Most efficient way of making an if-elif-elif-else statement when the else is done the most?
The code...
options.get(something, doThisMostOfTheTime)()
...looks like it ought to be faster, but it's actually slower than the if
... elif
... else
construct, because it has to call a function, which can be a significant performance overhead in a tight loop.
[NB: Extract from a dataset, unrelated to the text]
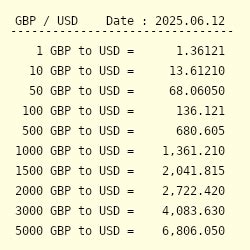 50,000 Pounds in USD: A Guide to Currency Conversion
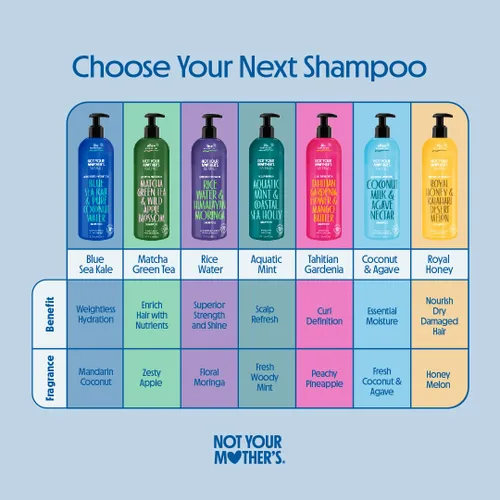 Miniatura 10 de Juego de champú y acondicionador Not Your Mother's Naturals Essential Nourish - 450 ml - Productos para el cabello libres de sulfatos - Té verde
Consider these examples...
1.py
something = 'something'
for i in xrange(1000000):
if something == 'this':
the_thing = 1
elif something == 'that':
the_thing = 2
elif something == 'there':
the_thing = 3
else:
the_thing = 4
2.py
something = 'something'
options = {'this': 1, 'that': 2, 'there': 3}
for i in xrange(1000000):
the_thing = options.get(something, 4)
3.py
something = 'something'
options = {'this': 1, 'that': 2, 'there': 3}
for i in xrange(1000000):
if something in options:
the_thing = options[something]
else:
the_thing = 4
4.py
from collections import defaultdict
something = 'something'
options = defaultdict(lambda: 4, {'this': 1, 'that': 2, 'there': 3})
for i in xrange(1000000):
the_thing = options[something]
...and note the amount of CPU time they use...
1.py: 160ms
2.py: 170ms
3.py: 110ms
4.py: 100ms
...using the user time from time(1)
.
Option #4 does have the additional memory overhead of adding a new item for every distinct key miss, so if you're expecting an unbounded number of distinct key misses, I'd go with option #3, which is still a significant improvement on the original construct.
I'd create a dictionary :
options = {'this': doThis,'that' :doThat, 'there':doThere}
Now use just:
options.get(something, doThisMostOfTheTime)()
If something
is not found in the options
dict then dict.get
will return the default value doThisMostOfTheTime
Some timing comparisons:
Script:
from random import shuffle
def doThis():pass
def doThat():pass
def doThere():pass
def doSomethingElse():pass
options = {'this':doThis, 'that':doThat, 'there':doThere}
lis = range(10**4) + options.keys()*100
shuffle(lis)
def get():
for x in lis:
options.get(x, doSomethingElse)()
def key_in_dic():
for x in lis:
if x in options:
options[x]()
else:
doSomethingElse()
def if_else():
for x in lis:
if x == 'this':
doThis()
elif x == 'that':
doThat()
elif x == 'there':
doThere()
else:
doSomethingElse()
Results:
>>> from so import *
>>> %timeit get()
100 loops, best of 3: 5.06 ms per loop
>>> %timeit key_in_dic()
100 loops, best of 3: 3.55 ms per loop
>>> %timeit if_else()
100 loops, best of 3: 6.42 ms per loop
For 10**5
non-existent keys and 100 valid keys::
>>> %timeit get()
10 loops, best of 3: 84.4 ms per loop
>>> %timeit key_in_dic()
10 loops, best of 3: 50.4 ms per loop
>>> %timeit if_else()
10 loops, best of 3: 104 ms per loop
So, for a normal dictionary checking for the key using key in options
is the most efficient way here:
if key in options:
options[key]()
else:
doSomethingElse()
Are you able to use pypy?
Keeping your original code but running it on pypy gives a 50x speed-up for me.
CPython:
matt$ python
Python 2.6.8 (unknown, Nov 26 2012, 10:25:03)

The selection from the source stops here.